STATEN ISLAND, N.Y. — Madison Square Garden, Radio City Music Hall and the Beacon Theater could all lose their liquor license soon, should the State Liquor Authority have its way, according to a new report.
The State Liquor Authority (SLA) hit the legendary New York City institutions — all owned by James Dolan — with violations, after the properties used facial recognition several times over the past several months to ban attorneys who were in active litigation against Dolan and the properties, the New York Post reported. Among those who were banned was an attorney from Staten Island.
The SLA has since initiated proceedings against the venues, according to the Post, which was the first to break this story.
The media outlet noted that Dolan was previously told he had until March 15 to enter a formal plea in regard to the violations. Dolan has since filed a petition to stop the SLA’s enforcement of the violations. Dolan referred to the SLA’s enforcement as “harassment” in an interview with the Post.

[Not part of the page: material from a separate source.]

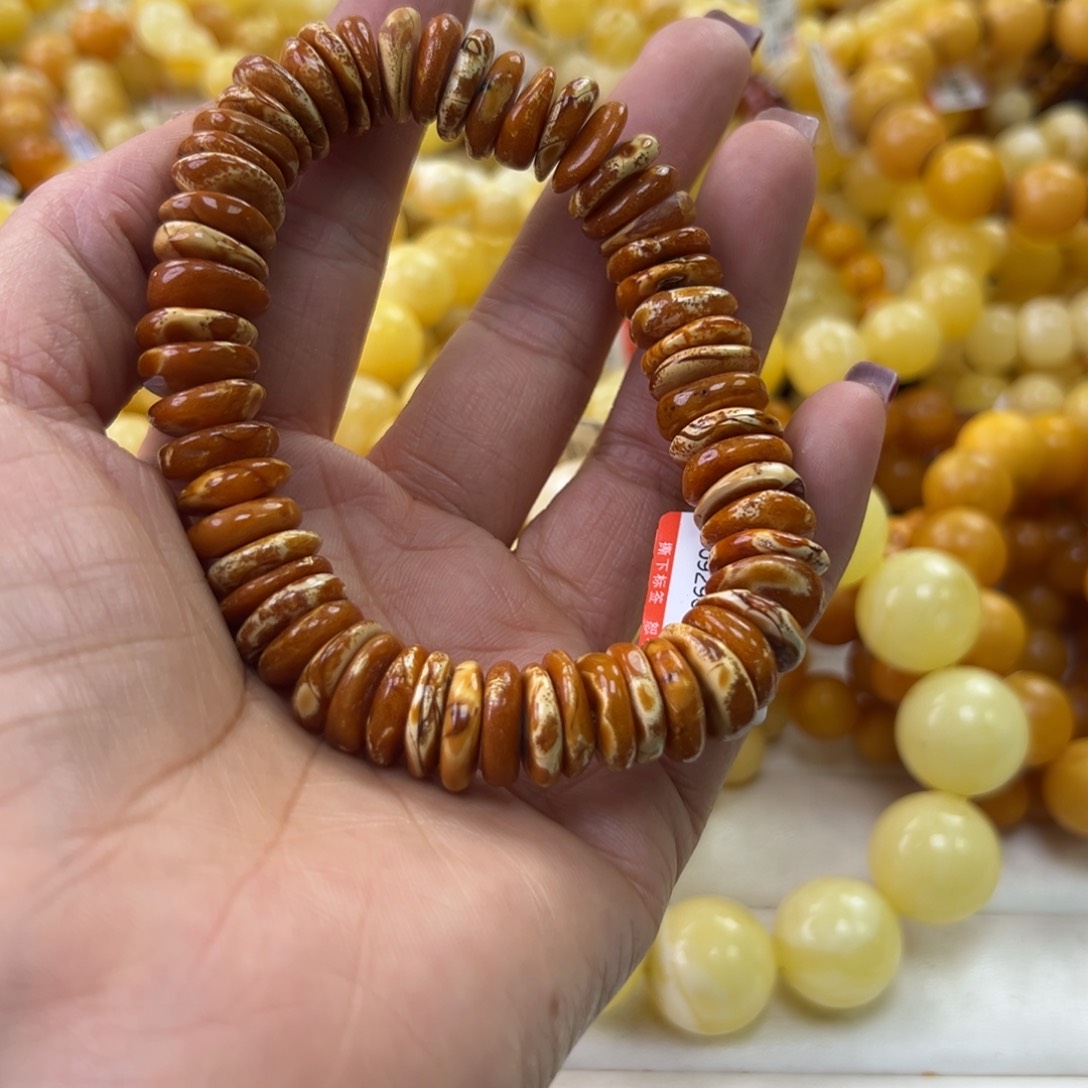 琥珀珠宝奇石未镶嵌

The SLA’s argument for stripping the venues’ liquor license: Using facial recognition to enforce a ban on specific individuals may violate state rules. According to the Post, the SLA stated that venues with a liquor license means that they must be open to the “public at large”; a ban on certain individuals means the venues are no longer “open to the public.”
MSG instituted the ban on lawyers in June, targeting those representing people suing the company and every attorney at their respective firms, the Advance/SILive.com previously reported.
New York Attorney General Letitia James previously cited her own concerns with the policy of banning individuals using facial recognition technology, and said it “may violate the New York Civil Rights Law and other city, state, and federal laws prohibiting discrimination and retaliation for engaging in protected activity.”
STATEN ISLAND LAWYER BANNED IN NOVEMBER
Injury attorney Jonathan D’Agostino, of D’Agostino & Associates, said he was with family at the Rockettes Christmas Spectacular the day after Thanksgiving as part of an annual outing, when he was approached by staff inside Radio City Music Hall.
“I’m standing there, holding popcorn and a cotton candy while the rest of the family is in their seats, and [MSG staff] is escorting me to the sidewalk to ask me to leave,” he said last week. “My brother-in-law left with me, and we sat at a bar and restaurant watching TV while our families watched the show.”
The second-generation attorney, whose firm’s ads feature an angry Rottweiller and the phrase “Bite Back,” was banned from MSG venues because the firm is handling a 2018 case involving a person claiming they were injured in a fall at a concession area in the Garden.
Similar to other lawyers who have been escorted off MSG properties, he was identified by the venue using facial recognition technology: computer software that can identify hundreds of lawyers by instantaneously mining photos from the internet to produce suggested matches.
“It scared the hell out of me that this is where our country is at now,” D’Agostino said.